[Image-text web data]
----------

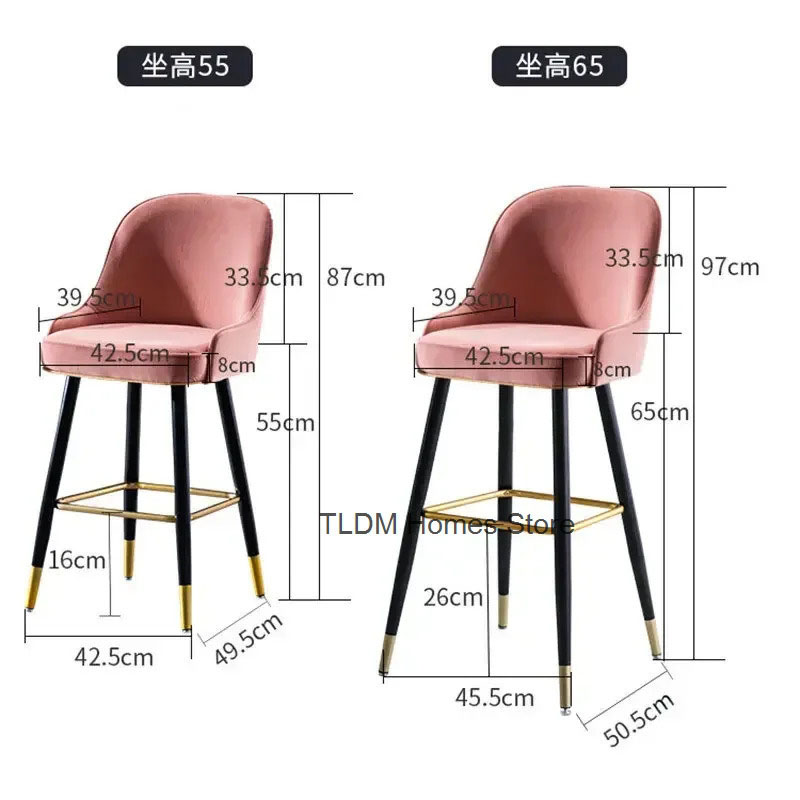 โมเดิร์นเฟอร์นิเจอร์หรูหรากํามะหยี่เก้าอี้บาร์ Minimalist สีดํา/ทองสูงฟุตพนักพิงเก้าอี้บาร์ Nordic KITCHEN Home Bar สตูล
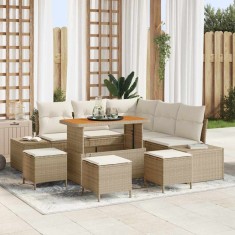 vidaXL Set de canapele pentru grădină 8 pcs Bej Rattan poli 3364741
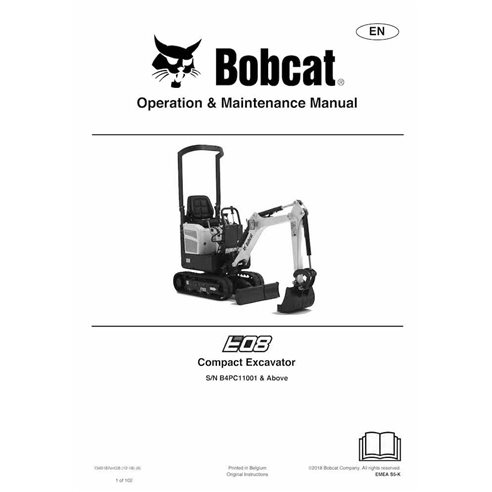 Manual de operação e manutenção da escavadeira compacta Bobcat E08 - Lince manuais - BOBCAT-E08-7349187-EN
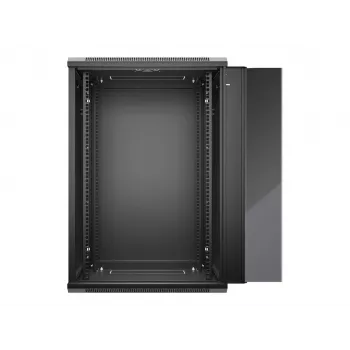 NETRACK 019-180-645-022 Sieninis/pakabinamas 19 inch 18U 450mm spintelė su stiklinėmis durelėmis, juoda, nuimami šoniniai dangteliai
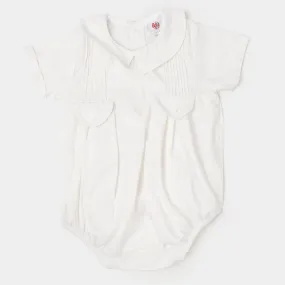 Infant Unisex Woven Romper Flap Pockets - White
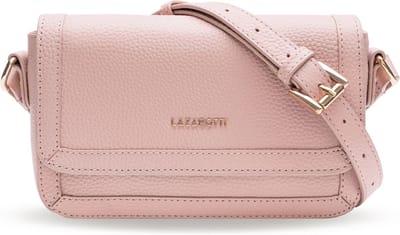 Lazarotti Leren Schoudertas Bologna Leather Flap Crossbody Bag Pink Oud roze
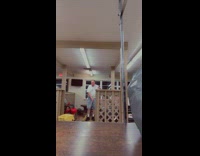 Woman tries carrying bag falls on floor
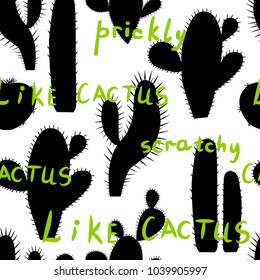 Fashionable print. Seamless pattern with cacti .Vector.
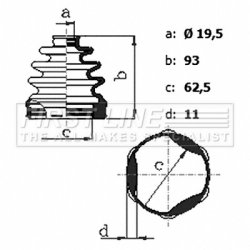 Cv Joint Boot Kit FIRST LINE FCB6431 OE Ref 49543 1J201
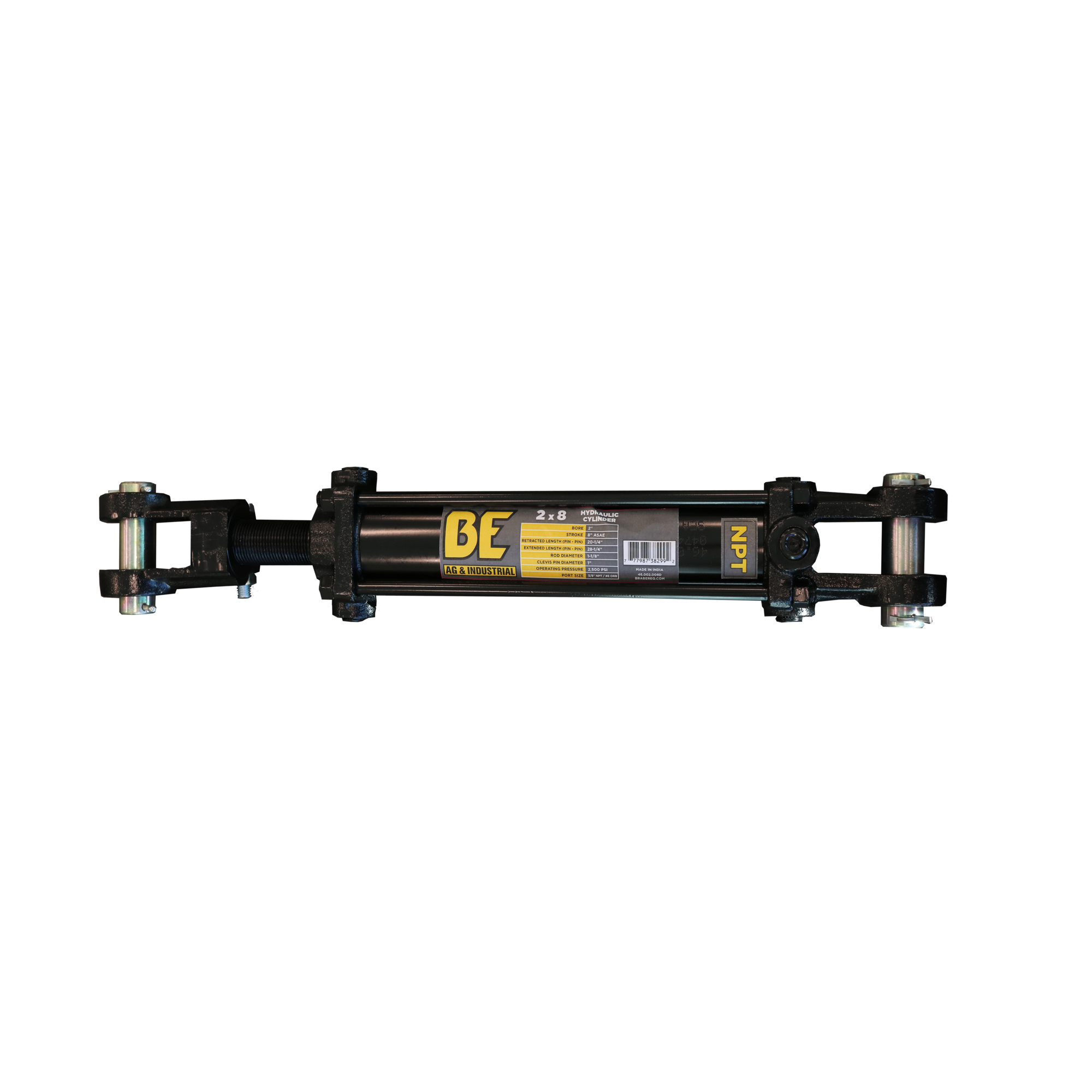 BE AG & Industrial, 2-1/2 X 8in. DUAL PORT HYDRAULIC CYLINDER, Max. PSI 2500 Bore Diameter 2.5 in, Stroke Length 8 in, Model# 46.025.008D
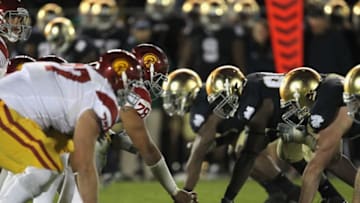 SOUTH BEND, IN - OCTOBER 22: Members of the Notre Dame Fighting Irish defense line up against the offense of the University of Southern California Trojans at Notre Dame Stadium on October 22, 2011 in South Bend, Indiana. USC defeated Notre Dame 31-17. (Photo by Jonathan Daniel/Getty Images)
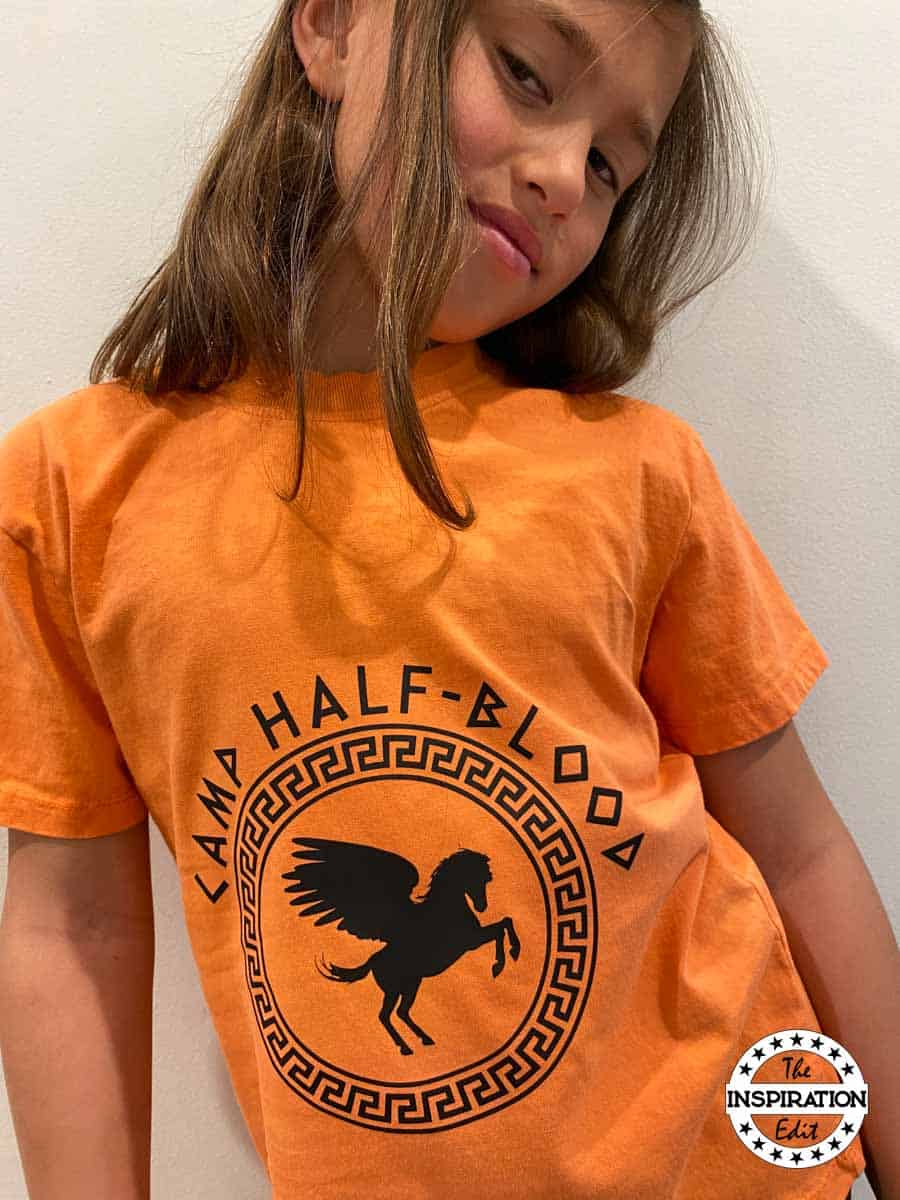 camp half-blood t-shirt designed for a percy jackson birthday party.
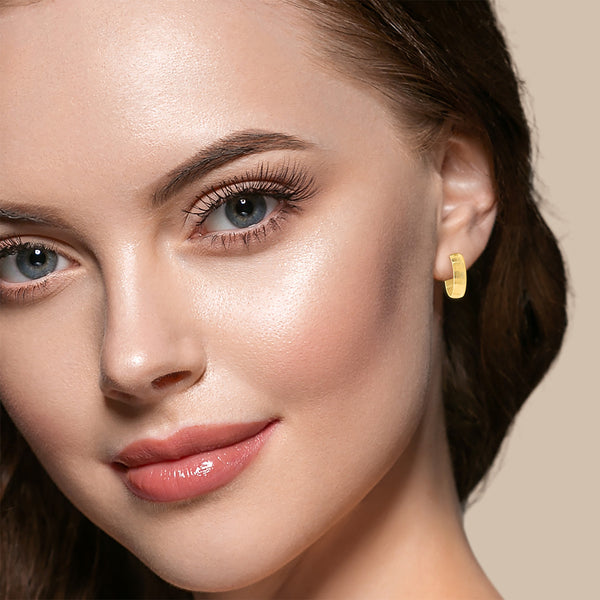 9K Yellow Gold Patterned Hoop Earrings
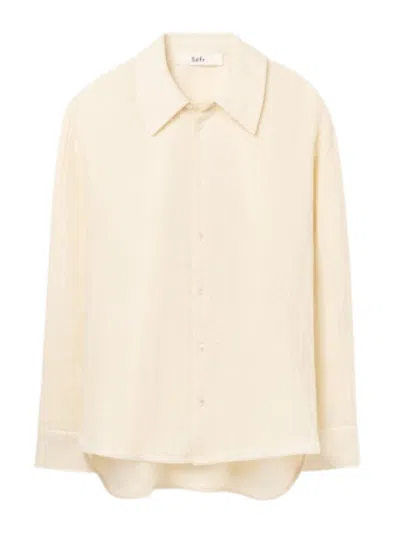 Séfr Sefr Casual Ecru Button-up Shirt For Men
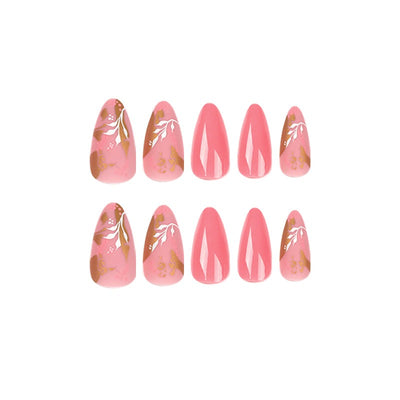 Pink press on nails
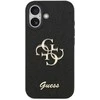 Guess PU Fixed Glitter 4G Metal Logo dėklas skirtas Apple iPhone 17 juodos spalvos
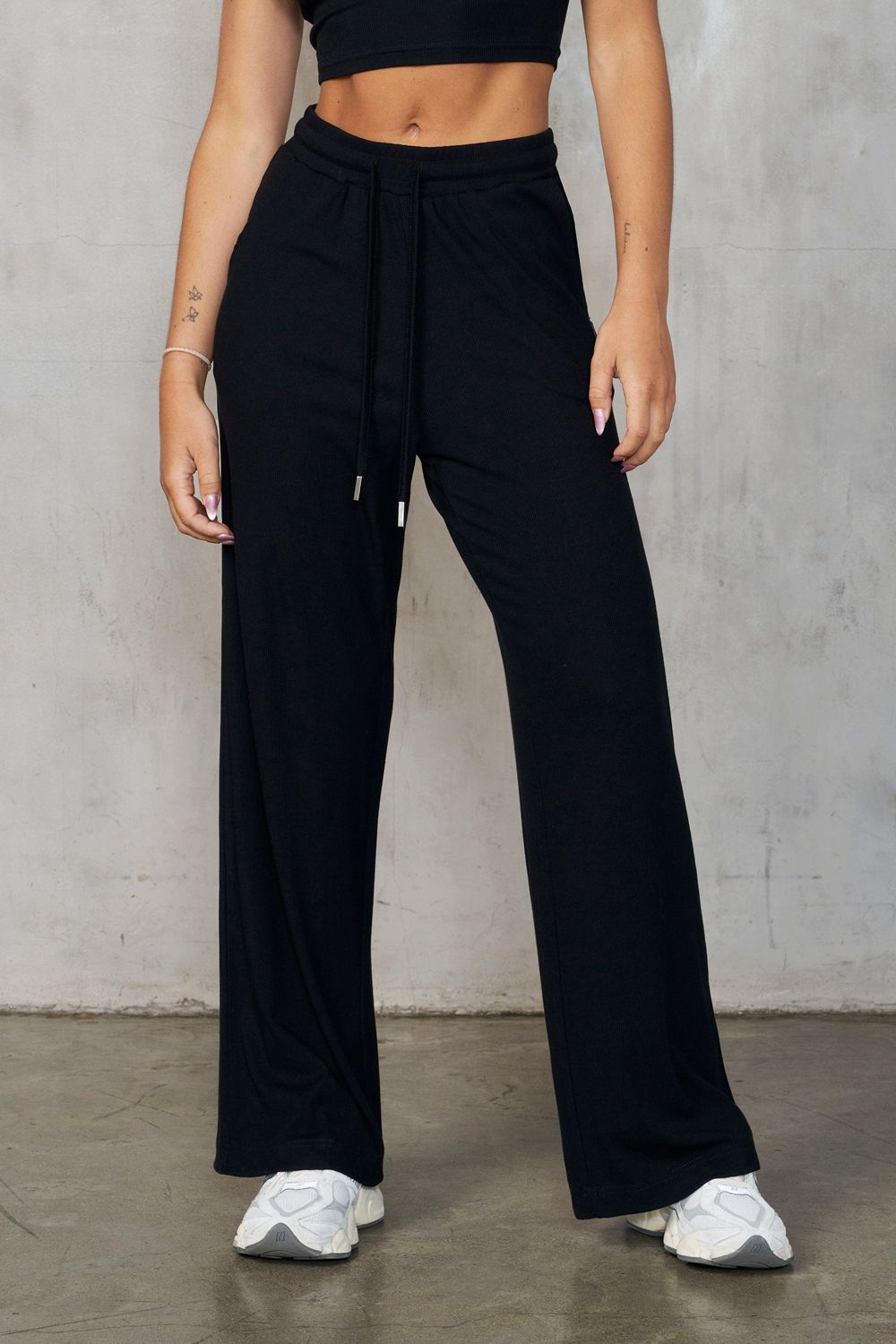 Young LA W249 Ivy Ribbed Pants Black Canada | XJOT-42809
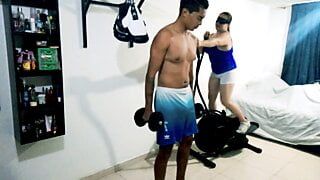 Family Threesome - Colombian Hotwife Fucks With Her Stepson And Her Husband In The Gym Part 1-4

----------

[HOW TO COMPLETE THIS TASK] Exact repeats of the lines from the first one in the data through the line containing "Infant Unisex Woven" make up the answer. Pictures do not.

[RESPONSE]
 โมเดิร์นเฟอร์นิเจอร์หรูหรากํามะหยี่เก้าอี้บาร์ Minimalist สีดํา/ทองสูงฟุตพนักพิงเก้าอี้บาร์ Nordic KITCHEN Home Bar สตูล
 vidaXL Set de canapele pentru grădină 8 pcs Bej Rattan poli 3364741
 Manual de operação e manutenção da escavadeira compacta Bobcat E08 - Lince manuais - BOBCAT-E08-7349187-EN
 NETRACK 019-180-645-022 Sieninis/pakabinamas 19 inch 18U 450mm spintelė su stiklinėmis durelėmis, juoda, nuimami šoniniai dangteliai
 Infant Unisex Woven Romper Flap Pockets - White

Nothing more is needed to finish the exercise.